__TASK REQUIREMENTS__:
Retype all the entries word for word, but omit the pictures.

__TASK MATERIAL__:
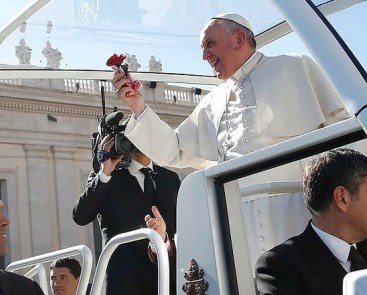 البابا يتوقف في كوبا قبل زيارة الولايات المتحدة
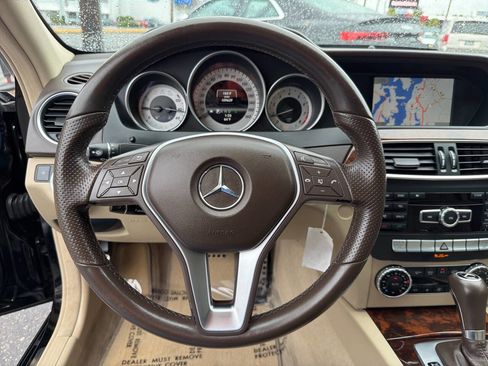 Used 2013 Mercedes-Benz C 250 Sedan image 32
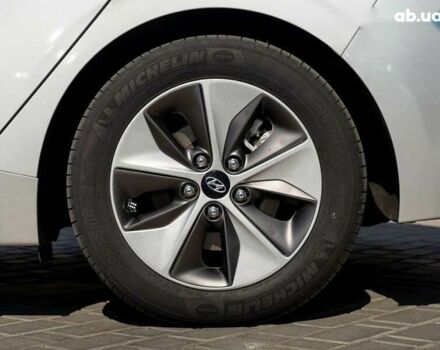 Хендай Ioniq, объемом двигателя 0 л и пробегом 60 тыс. км за 14500 $, фото 10 на Automoto.ua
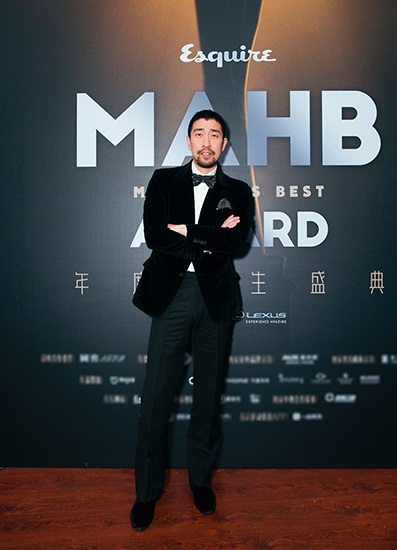 王千源优雅亮相尽显绅士风度 获年度电影男演员实至名归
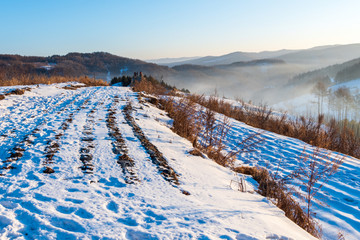 松岭雪村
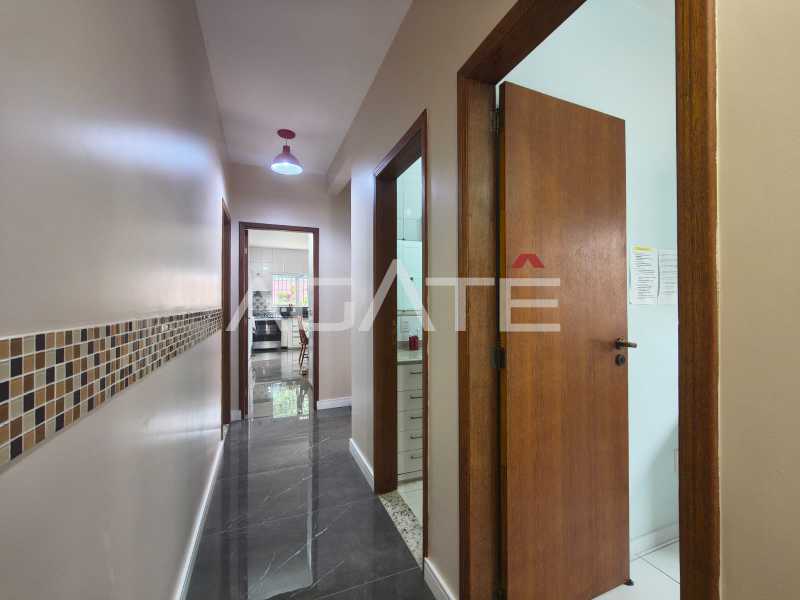 Agatê Imóveis vende maravilhosa casa linear - Piratininga - Niterói por R$ 1.300.000,00 reais. - HTCA30450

__COMPLETED TASK__:
 البابا يتوقف في كوبا قبل زيارة الولايات المتحدة
 Used 2013 Mercedes-Benz C 250 Sedan image 32
 Хендай Ioniq, объемом двигателя 0 л и пробегом 60 тыс. км за 14500 $, фото 10 на Automoto.ua
 王千源优雅亮相尽显绅士风度 获年度电影男演员实至名归
 松岭雪村
 Agatê Imóveis vende maravilhosa casa linear - Piratininga - Niterói por R$ 1.300.000,00 reais. - HTCA30450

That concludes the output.